[pve-devel] [PATCH ha-manager 2/2] fix #6801: only consider target node during positive resource affinity migration
Daniel Kral
d.kral at proxmox.com
Mon Nov 3 16:17:12 CET 2025
When a HA resource with positive affinity to other HA resources is moved
to another node, the other HA resources in positive affinity are
automatically moved to the same target node as well.
If the HA resources have significant differences in migration time
(more than the average HA Manager round of ~10 seconds) the already
migrated HA resources in 'started' state will check for better node
placements while the other(s) are still migrating.
This search includes whether the positive resource affinity rules are
held and will query where the other HA resources are.
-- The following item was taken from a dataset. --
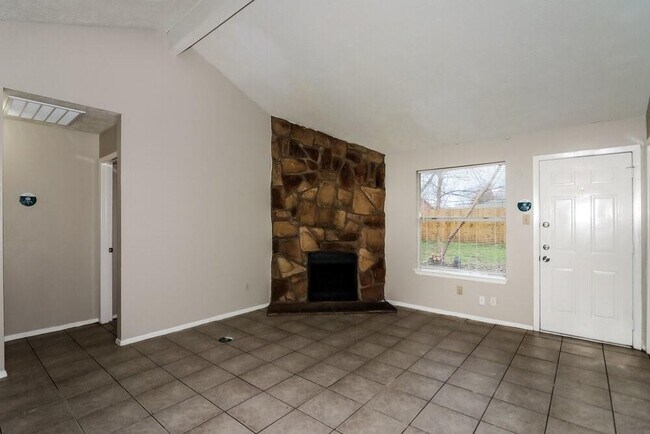 Foto del edificio - 14871 Shottery Dr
When HA resources
are still migrating this will report that these are both on the source
and target node, which is correct from a accounting standpoint, but will
add equal weights on both nodes and might result in the already started
HA resource to be migrated to the source node.
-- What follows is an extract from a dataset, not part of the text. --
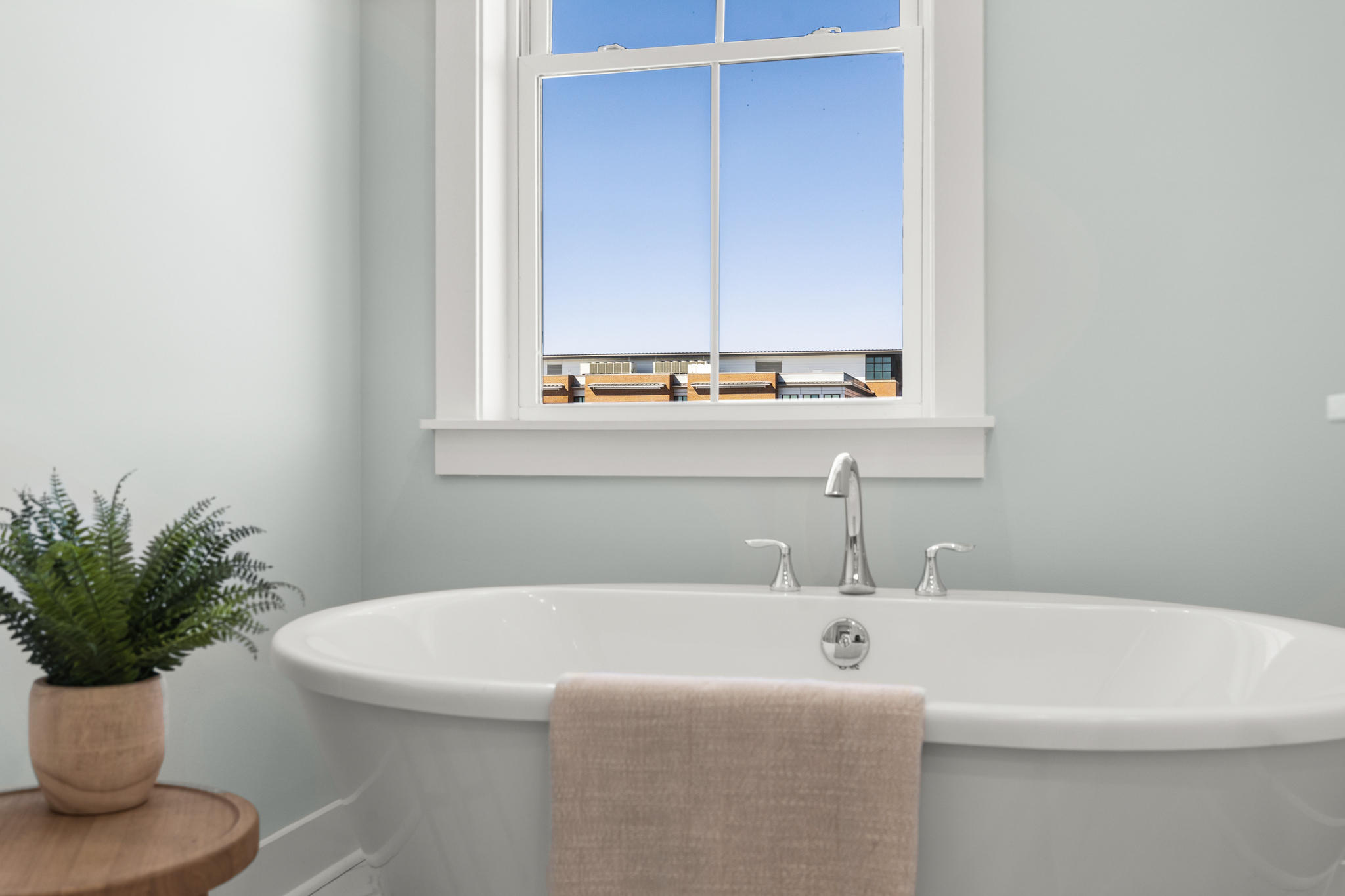 1624 Florentia Street Mount Pleasant, SC 29464 - Photo 20 of 38 Sawyer Soaking Tub 2-18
Therefore, only consider the target node for positive affinity during
migration or relocation to prevent this from happening.
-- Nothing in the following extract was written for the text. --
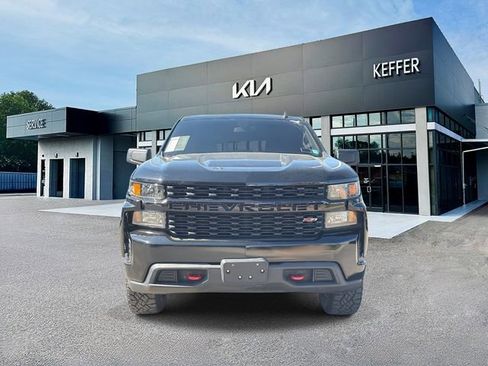 Used 2020 Chevrolet Silverado 1500 Custom Trail Boss w/ Custom Convenience Package image 3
As a side-effect, two test cases for positive resource affinity rules
will result in a slightly quicker convergence to a steady state as these
now will get the information about the common target node sooner.
Signed-off-by: Daniel Kral <d.kral at proxmox.com>
---
src/PVE/HA/Rules/ResourceAffinity.pm | 6 ++--
.../log.expect | 25 +++--------------
.../log.expect | 28 +++++++++----------
.../README | 3 --
.../log.expect | 28 +++----------------
5 files changed, 26 insertions(+), 64 deletions(-)
diff --git a/src/PVE/HA/Rules/ResourceAffinity.pm b/src/PVE/HA/Rules/ResourceAffinity.pm
index 4f5ffca5..9303bafd 100644
--- a/src/PVE/HA/Rules/ResourceAffinity.pm
+++ b/src/PVE/HA/Rules/ResourceAffinity.pm
@@ -517,8 +517,10 @@ sub get_resource_affinity {
for my $csid (keys $positive->%*) {
my ($current_node, $target_node) = $get_used_service_nodes->($csid);
- $together->{$current_node}++ if defined($current_node);
- $together->{$target_node}++ if defined($target_node);
+ # consider only the target node for positive affinity to prevent already
+ # moved HA resources to move back to the source node (see #6801)
+ my $node = $target_node // $current_node;
+ $together->{$node}++ if defined($node);
}
for my $csid (keys $negative->%*) {
diff --git a/src/test/test-resource-affinity-strict-mixed3/log.expect b/src/test/test-resource-affinity-strict-mixed3/log.expect
index b3de104f..ee6412a1 100644
--- a/src/test/test-resource-affinity-strict-mixed3/log.expect
+++ b/src/test/test-resource-affinity-strict-mixed3/log.expect
@@ -58,17 +58,11 @@ info 40 node1/crm: service 'vm:102': state changed from 'migrate' to 'sta
info 40 node1/crm: service 'vm:103': state changed from 'migrate' to 'started' (node = node3)
info 40 node1/crm: migrate service 'vm:201' to node 'node2' (running)
info 40 node1/crm: service 'vm:201': state changed from 'started' to 'migrate' (node = node1, target = node2)
-info 40 node1/crm: migrate service 'vm:202' to node 'node1' (running)
-info 40 node1/crm: service 'vm:202': state changed from 'started' to 'migrate' (node = node2, target = node1)
info 40 node1/crm: service 'vm:203': state changed from 'migrate' to 'started' (node = node2)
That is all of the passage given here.